To clarify, I’m not in Canada. I just don’t want to risk electrical shock or potential fire hazard in my home. You can simply Google “Are Cheater Plugs Safe” and I’d say 99% of the articles that populate will tell you how safe they are. Just because they’re sold in the States, doesn’t mean they’re a safe solution.

From wikipedia:
In the professional audio and video fields, the cheater plug has been identified as a serious safety problem. Its casual use as a method for avoiding ground loops in analog audio and video signals (to eliminate hums and buzzes) is dangerous.
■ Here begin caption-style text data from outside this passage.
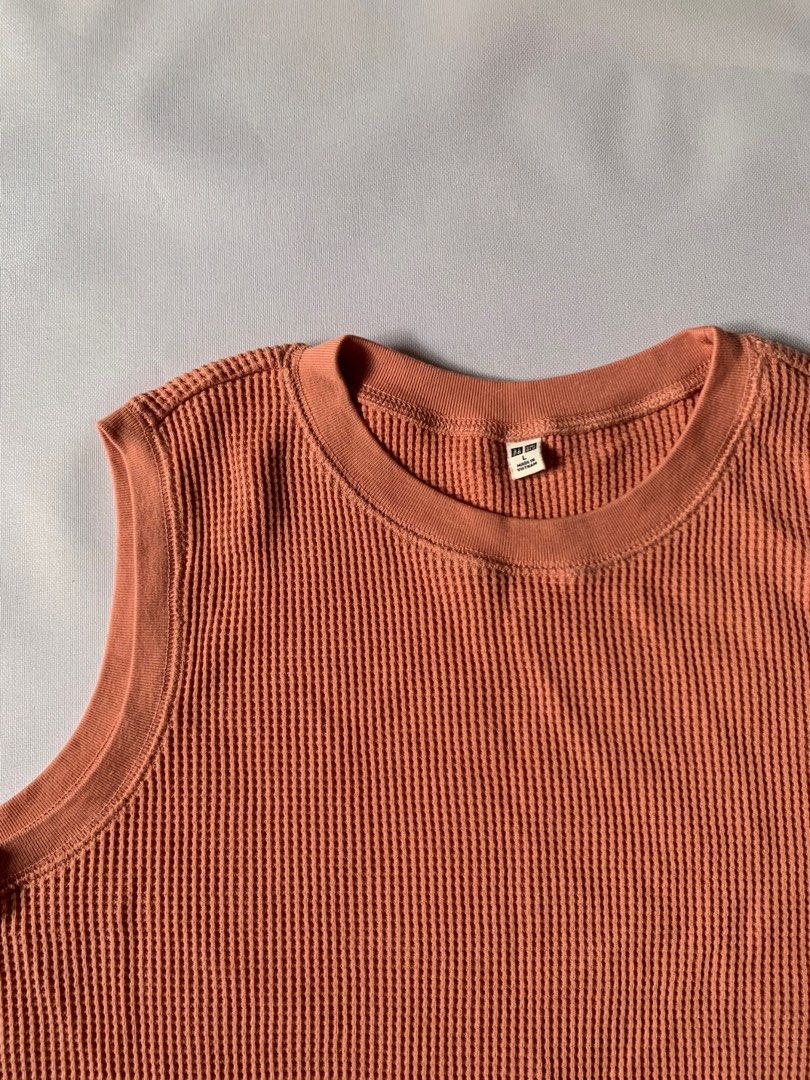 Uniqlo Sleeveless Top (Category: Sleeveless) located in Rodriguez. Submitted by peanutb (Listing ID 1209507367, Image 2). Description: 23” x 18”.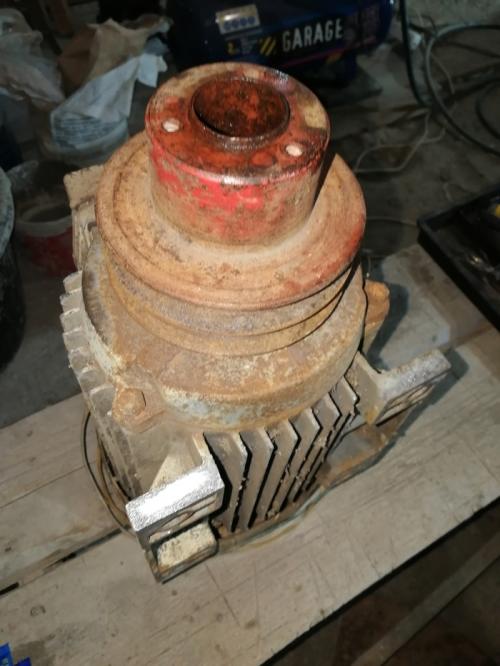 Какие бывают самые простые идеи для переработки пластиковых бутылок. Переработка пластика в гараже в 6 рук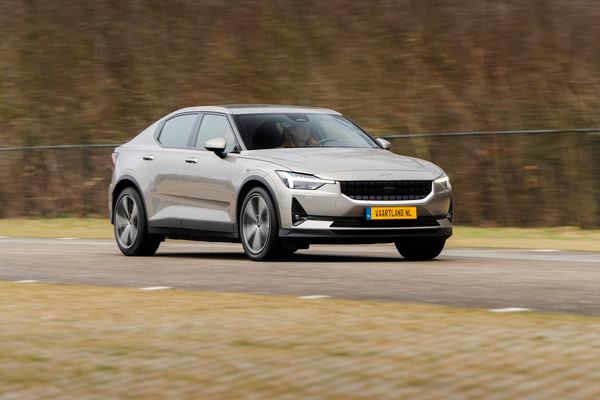 Afgeschreven leasebakken: Tesla Model 3 en Polestar 2 nu aantrekkelijk voor jou?
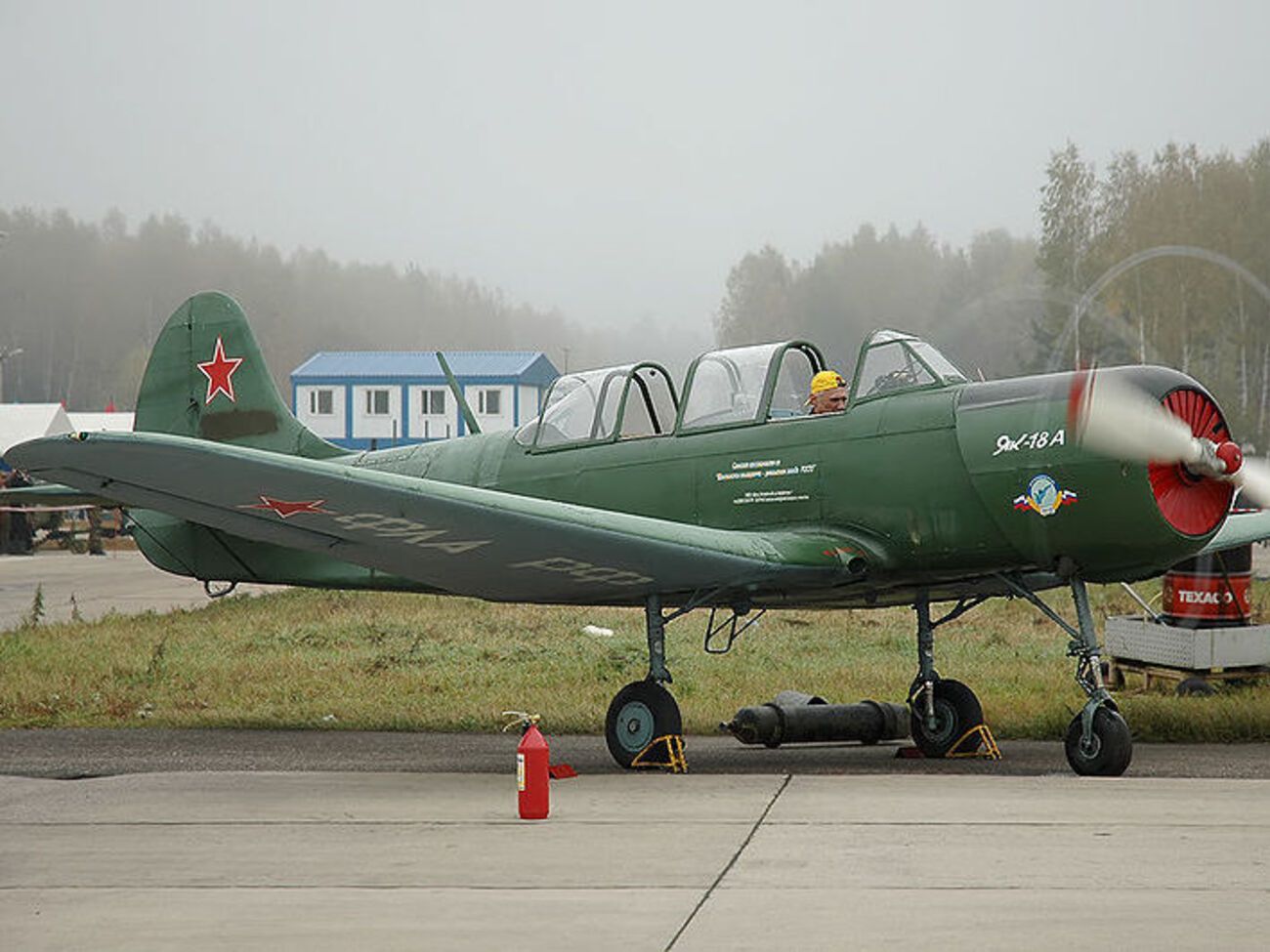 Як-18 – навчально-тренувальний літак, розроблений у СРСР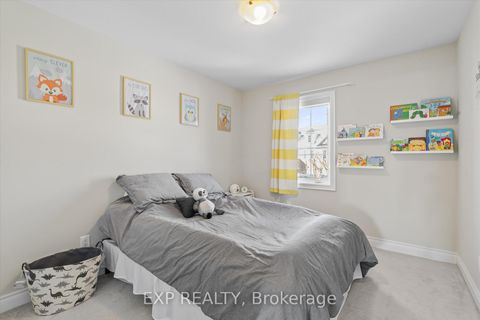 Photo 11 at 7 Goldthread Terrace, Bathurst Manor, Toronto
Bill Whitlock, president of Jensen Transformers, writes, “never, ever use devices such as 3 to 2-prong AC plug adapters, a.k.a. ‘ground lifters’, to solve a noise problem!” LINK

But that’s not the issue I’m here to discuss.

I do want to update that I just tried plugging the dock into an outlet on a different breaker circuit and the static has completely vanished. So it is in fact a ground loop issue. I’ll move forward with the HUM X and update if this topic isn’t closed before then.

Thank you for your help in solving this issue, Joshua.

Just checking in to see if the HUM X worked out for you? If it’s not arrived yet no worries.

Thanks and best wishes,

Hey Joshua, I wanted to do a bit of testing of different solutions before I responded.

Turns out, it was definitely a ground loop problem with the DisplayLink 4K Hub pumping unwanted noise into the wires. I tried the Ebtech HUM-X and Pyle PHE-400 Mini HUM Eliminator and both solutions removed 100% of the static interference.

For the HUM-X, I purchased 2 units, one for each of my KRK monitor speakers. Everything is living on the same surge protector and no additional wires were added to my setup. A super clean and easy fix that still allows safe grounding of the speakers while eliminating any ground loop static.

I also tried the Pyle PHE-400 Mini Hum Eliminator. I plugged the TRS cables from my monitor speakers into Channel 1 and 2 OUT, and purchased an additional shorter set of balanced TRS cables for the Channel 1 and 2 IN to my Apollo Solo DAC. Though this solution was a BIT cheaper (about half the price including new cables), it added a TON of additional cable rat nesting to my already wire-ladened work station.

Either method should work great for this type of issue. I’m happy with both results, but definitely prefer the cleaner solution of the HUM-X. I also have this set up with a Razer Chroma eGPU and it is the same solution it needed.

I really hope this topic helps anyone in the future experiencing this same craze-inducing static issue with hubs and eGPUs.

  • Rich
1 Like

That’s fabulous news! Thanks for sharing your solutions and testing performed. It’s most appreciated, and I’m sure others who encounter this issue will find the information useful if not comfortable with the ground lift/cheater plug method as originally suggested.